The longer we travelled on the more noticeable became the various traces of damage along the road caused by the Krakatoa outburst. The dust from the showers of ash could be plainly seen by the roadside not many miles from the capital, and each mile made it the more distinct, until at length the road seemed completely covered with it. As this was exactly six weeks after the occurrence, its existence so many miles from the volcano is the more remarkable, and proves how thickly it must have originally fallen. About twenty miles from Batavia we came to some damaged palm and banyan trees. Heavy branches had been broken off by the weight of the ashes, and other large trees had been completely blighted, probably by the strong sulphuric fumes. There were many miles of these injured trees, the damage done gradually increasing the farther we journeyed on.

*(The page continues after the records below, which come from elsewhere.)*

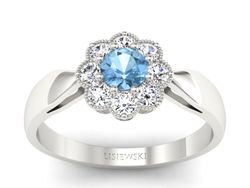 Pierścionek z topazem i brylantami białe złoto - p16478btp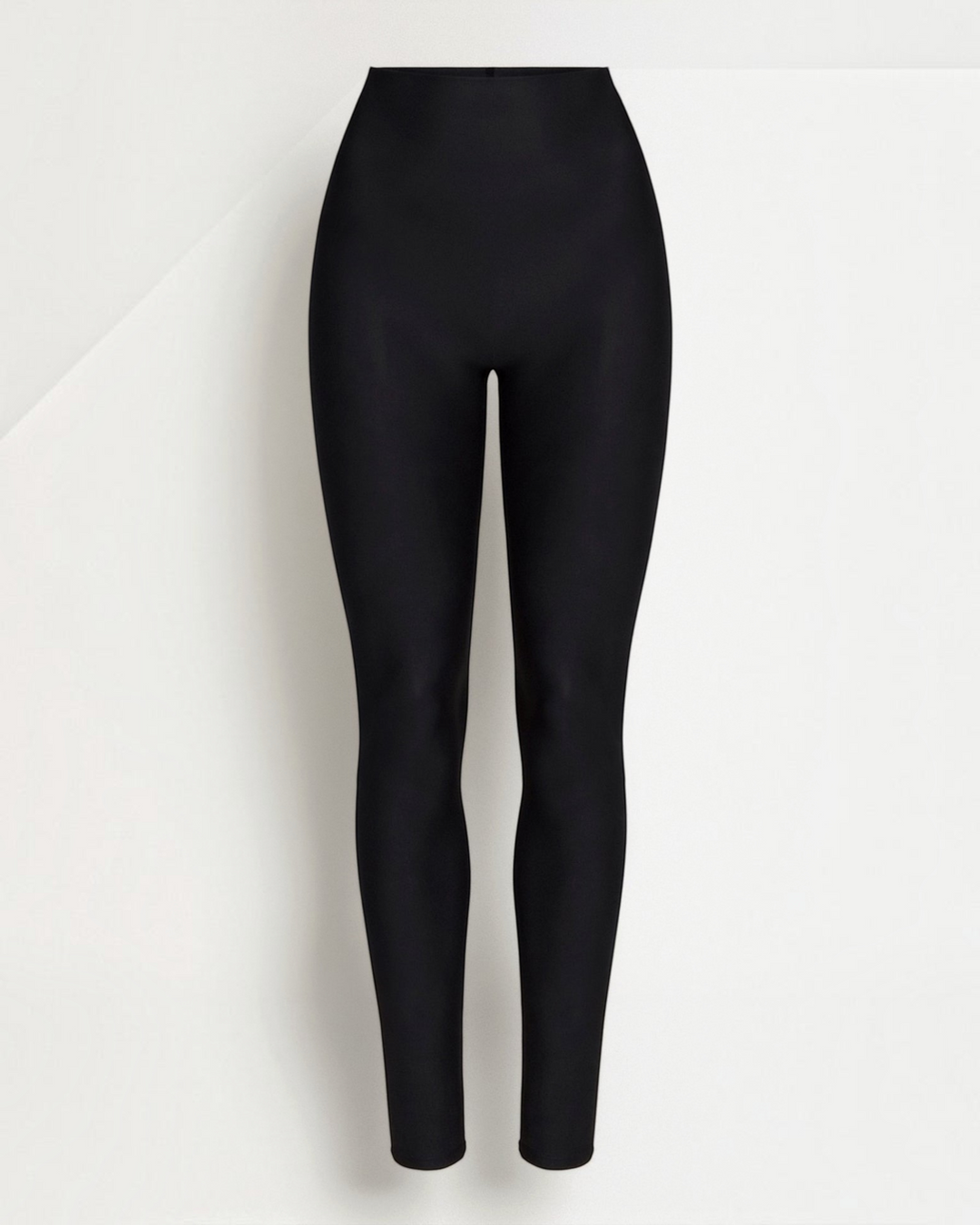Luna Moda Aurora high-waisted black seamless compression leggings for a smooth, sculpted silhouette.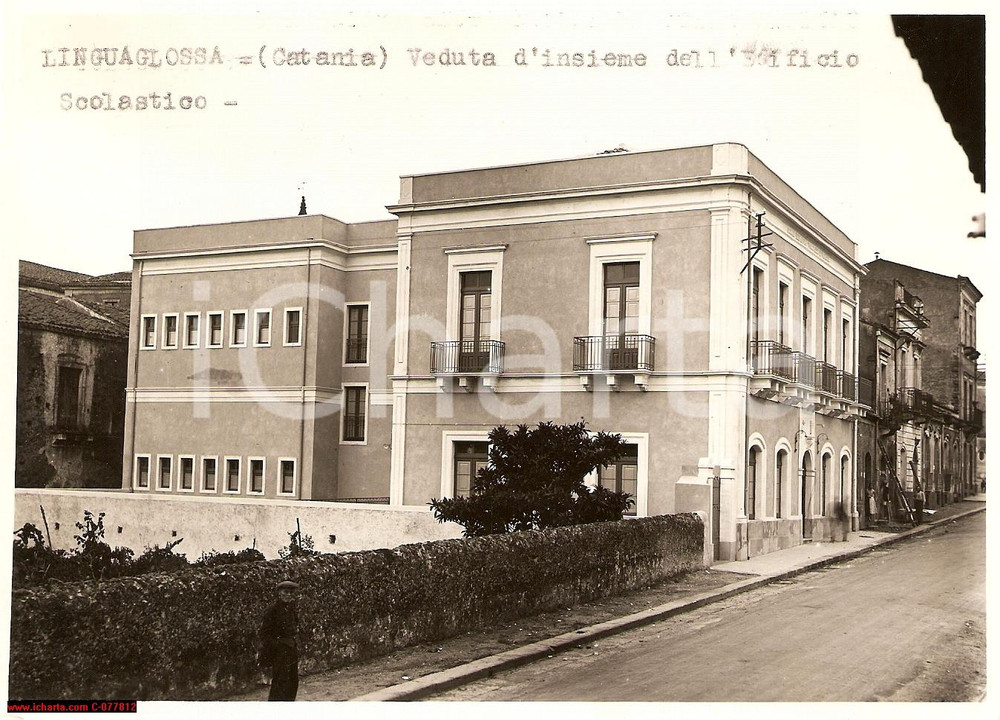 Fotografia d epoca originale 1934 LINGUAGLOSSA CT Veduta d insieme dell edificio scolastico Fotografia 1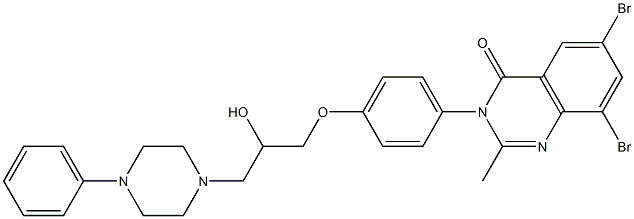6,8-Dibromo-3-[4-[2-hydroxy-3-(4-phenyl-1-piperazinyl)propoxy]phenyl]-2-methylquinazolin-4(3H)-one 结构式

Our rapid posting was at length brought to a sudden check at a small kampong named Onderandier, by an intervening river called the Pontang. Here our ponies were taken out, and a crowd of natives surrounded the carriage preparing to ferry it across. Native labor is both cheap and plentiful all over Java, and it was not surprising, therefore, to find that it took the united exertions of no less than fifteen coolies to lower the carriage down the sloping road to the ferry-boat. The mode of working it across is somewhat peculiar. A strong climbing plant known as the rattan palm, is joined together and stretched across the wide river, and forms a cheap substitute for rope or chain. It seldom breaks, and can be renewed as often as required from the trees on the adjacent banks. Half an hour’s delay here, and we were again off. At length, fifty-eight paalen from Batavia, we drew up early in the afternoon at Serang, and after luncheon prepared to visit some of the ruined districts. We were now in the residency of Bantam, a district which gives its name to the celebrated breed of fowls with which most of us are familiar. Bantam is the most ancient of the settled districts in the island, the Portuguese having formed a settlement there in 1524. It was not until seventy years later that the Dutch arrived upon the scene and founded their new home in Bantam and Batavia. The Portuguese had not been long in the island when they had their first experience of a volcanic eruption. Mount Ringgit, in eastern Java, broke out in 1586, and one of their settlements was completely destroyed.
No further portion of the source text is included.